Public works to boost solar generation capacity are taking place across a range of technologies. The NREA has overseen the development of centralised, grid-connected, photovoltaic (PV) plants at Hurghada and Kom Ombo that have installed capacities of 20 and 26 MW, respectively. Distributed PV systems, meanwhile, were first attached to the grid in mid-2014 as part of a scheme to install panels on the rooftops of government buildings. That system can produce up to 3 MW, and a further 32 MW of distributed capacity have subsequently been developed for remote villages. Concentrated solar power arrived in Egypt with the construction of a plant in the Kuraymat area, where a solar component and a gas-fired plant can produce 20 and 120 MW of energy, respectively.

New Developments

While Egypt’s solar potential has yet to be realised, projects in the pipeline will soon lead to a steep change in its productive capacity.

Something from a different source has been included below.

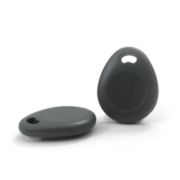 WelcomeEye Tag Philips RFID-badge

In January 2018 ground was broken at Benban, in the Western Desert, on what will become the world’s largest solar installation. The project has proved to be a magnet for foreign investment – a consortium of regional and global aid and lending institutions has provided a $653m debt package to finance the construction of 13 solar plants, and six private power companies are currently involved in the project. The project is expected to cost $820m and will eventually erect 32 plants with a combined peak capacity of 752 MW.

“With Benban, Egypt is moving forward to diversify its energy mix and to build the country’s renewable generation capacity,” Hassan Aly Hassan Amin, country development director in Egypt for Acwa Power, a Saudi energy portfolio manager, told OBG. “This is an important step, as it will reduce government spending on subsidised oil and natural gas while freeing up funds to be used in downstream value-added industries.”

According to the governor of New Valley, Mohamed Al Zamlout, China’s Aton Energy has offered to build a 250-MW solar plant in the governorate, as the first phase of a larger project. The New Valley is already a focus of the national solar strategy: in 2018 it received LE1.1bn ($61.8m) for the operation of 533 solar irrigation wells. The NREA also signed a $23.8m agreement with Spanish energy company TSK Grupo to build a 26-MW solar park in Kom Ombo, which is supported by a soft loan from the French Agency for Development.